Helen Dempster, Chief Visionary Officer at Karantis360, says that, as the ethical debate around AI continues, it is time to consider how we can harness its capabilities for the greater good of society and to positively impact the population, on both a general as well as an individual level. She stresses that implementing it in this way will not only provide incremental value for a number of sectors, including healthcare, but will ensure everyone involved reaps the benefits. "This is particularly important when it comes to increasing safety and prevention," says Dempster.
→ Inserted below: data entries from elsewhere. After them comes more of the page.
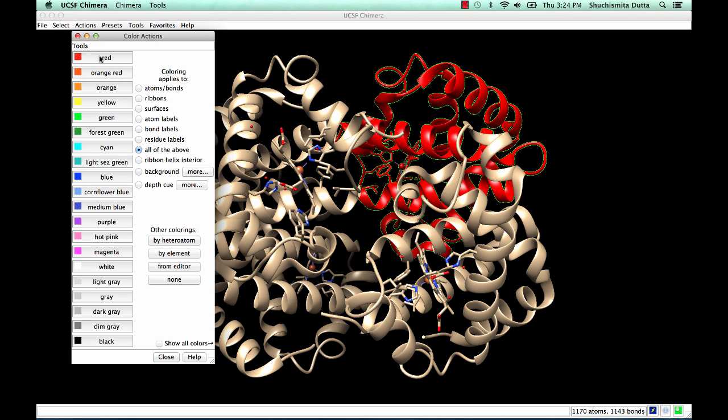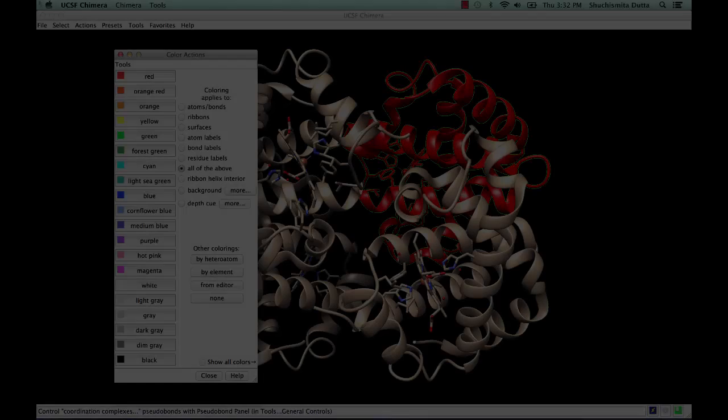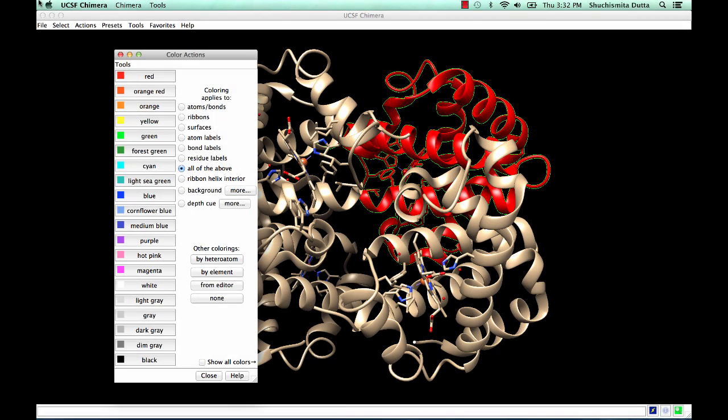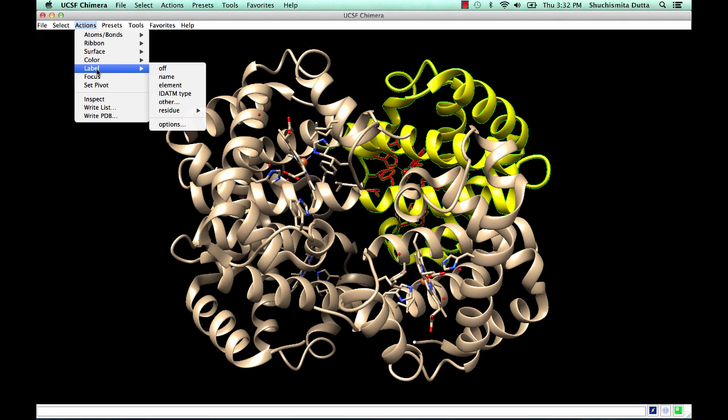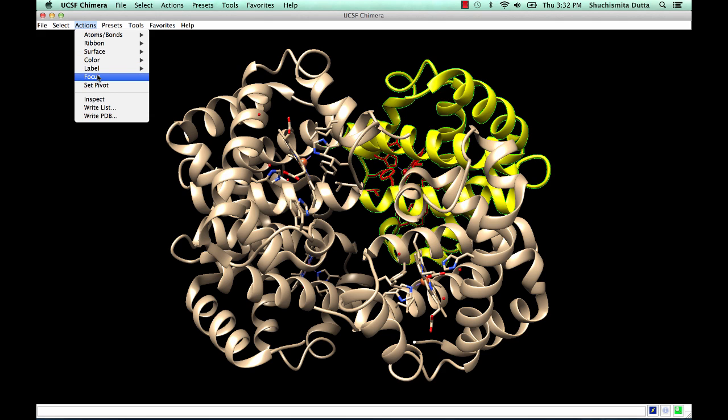So with the current selection, if we click on the red color, everything related to chain A is colored red. You can selectively change the color of the ribbon to yellow and focus on that particular chain.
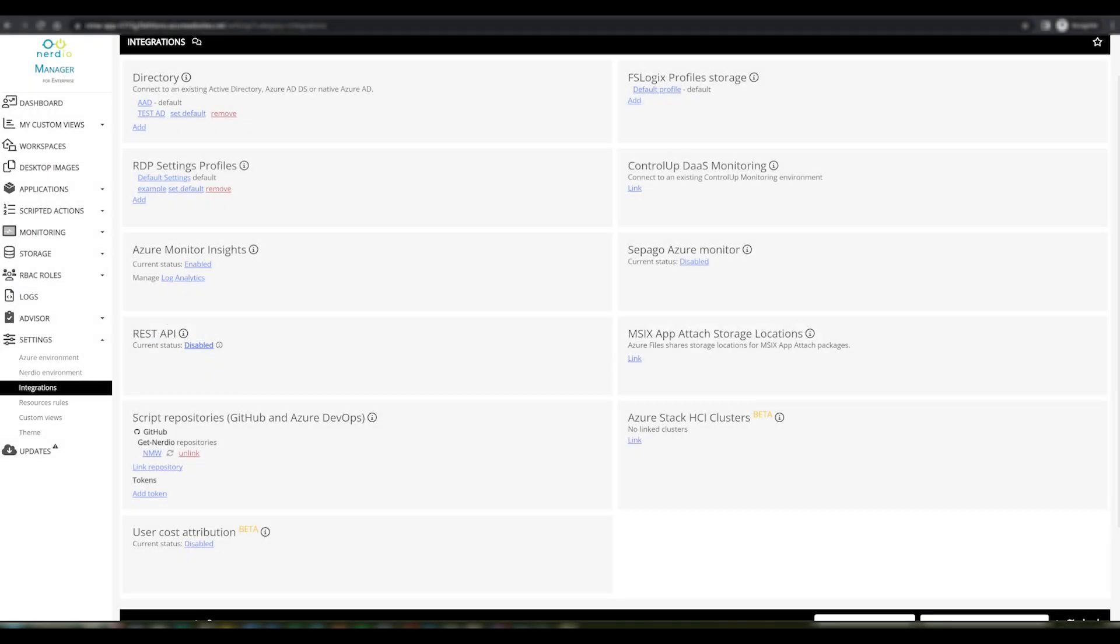In this video we're going to speak about RDP settings profiles and the advanced text editor that we've added in the Nerdio Manager for Enterprise 4.7 release.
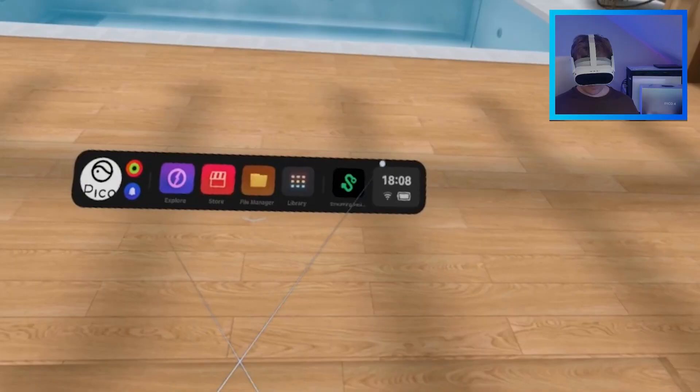10 settings you should change on your Pico 4 when you get it. This includes hand tracking and loads of other things that are just going to make your life so much easier.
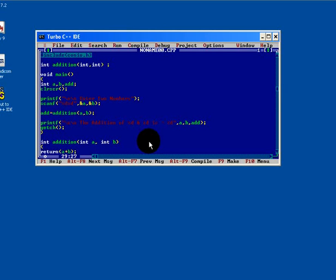So we have seen the four types of user defined functions. The first was with no arguments and no return value. The second example was with arguments and no return type. The third one with no arguments and with return type. And the last one is with arguments and return type.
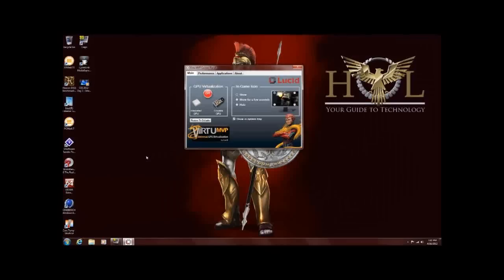Hello everyone, Paul with Hitech Legion, and we're going to be taking a look at Lucid Virtue MVP.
Dempster describes some of the benefits of integrating such AI-powered systems into healthcare, for example. Across the UK, more care agencies are starting to introduce non-intrusive digital solutions into their client's home. "Unlike CCTV or biometric scanners, the implementation of AI and smart technology through IoT sensors enables carers to extend the delivery of care to 24/7 without having to interfere with their client's day to day lives. This technology is a great solution to ensuring every carer has a greater level of insight into the wellbeing of their clients and will have a huge advantage for those receiving domiciliary care," she says. But such access brings with it concerns about privacy and security as well as care. A framework to manage how such deployments are done and to ensure that informed consent takes place is just one area where human rights and tech innovation need to meet.

Northman also notes that the extraordinary pace of development is a formidable barrier to even understanding the issues. "As you get your head around what you thought was the issue, the issue morphs into a different problem altogether," he says. A considered, methodical approach to building a framework to deal with ethical and legal issues related to the use of technology is needed to ensure that the benefits are reaped without compromising the human rights of certain groups of people.

Going forward, Northman believes that the pace of change will slow and our experience with the issues will help us address the greatest challenges to human rights. "Progress will be uneven, but we will come to recognize patterns (perhaps with the help of AI) of problems that can then be addressed. Progress will be global, as countries and regions learn from one another and establish infrastructure to spot problems as they emerge rather than waiting to react."